Under these conditions, with contending armies standing in the open, less than 500 yards (300 metres) apart, the use of camouflage or low-visibility uniforms becomes irrelevant. Instead, it was the function of the uniform to make the wearer look taller, broader, and more imposing to the enemy. There was also the fact that the repeated firing of the weapons produced a dense cloud of grey-white smoke that, in the absence of a breeze, could thicken to the point where visibility was reduced to a few yards, creating the oft-referred to “fog of war” that bedeviled many commanders during the course of an engagement. Under these circumstances it was vital, in those days without radio or electronic communication, for senior officers to be able to correctly identify distant troop movements and maintain control of their own formations as a battle progressed.

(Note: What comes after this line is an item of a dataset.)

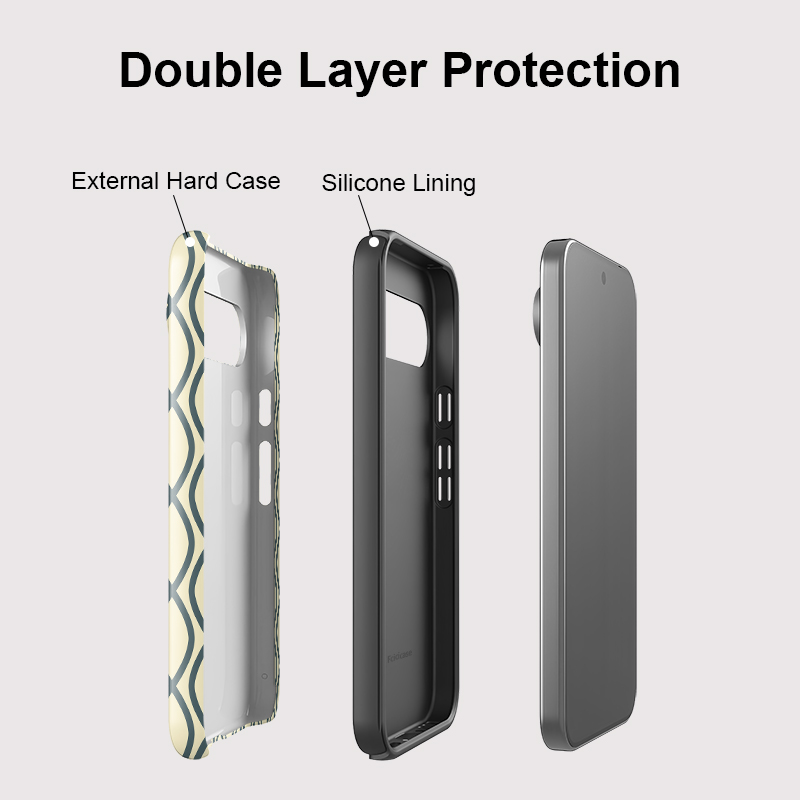 เคสโทรศัพท์ลายทางแฟชั่น Fcicic - Matte Pc Case บทวิจารณ์และราคา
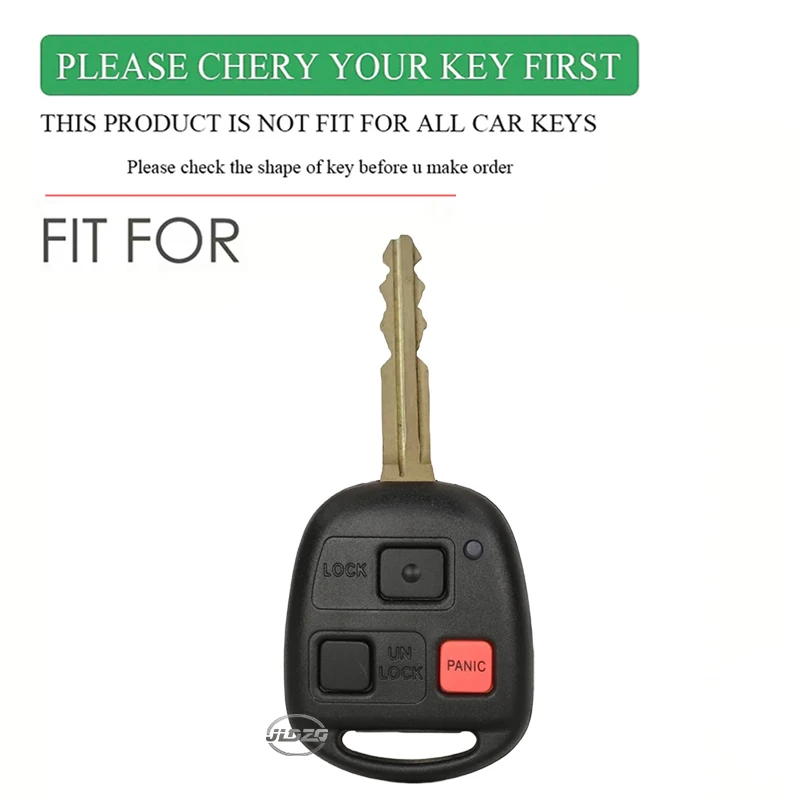 Soft Silicone Car Key Cover Shell For Toyota Yaris Carina 120 Corolla Avensis Land Cruiser Camry RAV4 Prado Remote Case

As a result, the use of distinct “National” styles and highly visible colours of uniforms provided a vital means of identification and control in the chaos of a battlefield. Likewise, the addition of highly visible regimental colours (flags), served on the one hand as a valuable rallying point for its soldiers and an indication of where a regiment’s commander and senior officers would generally be located, while on the other as a perfect point-of-aim for the enemy’s fire.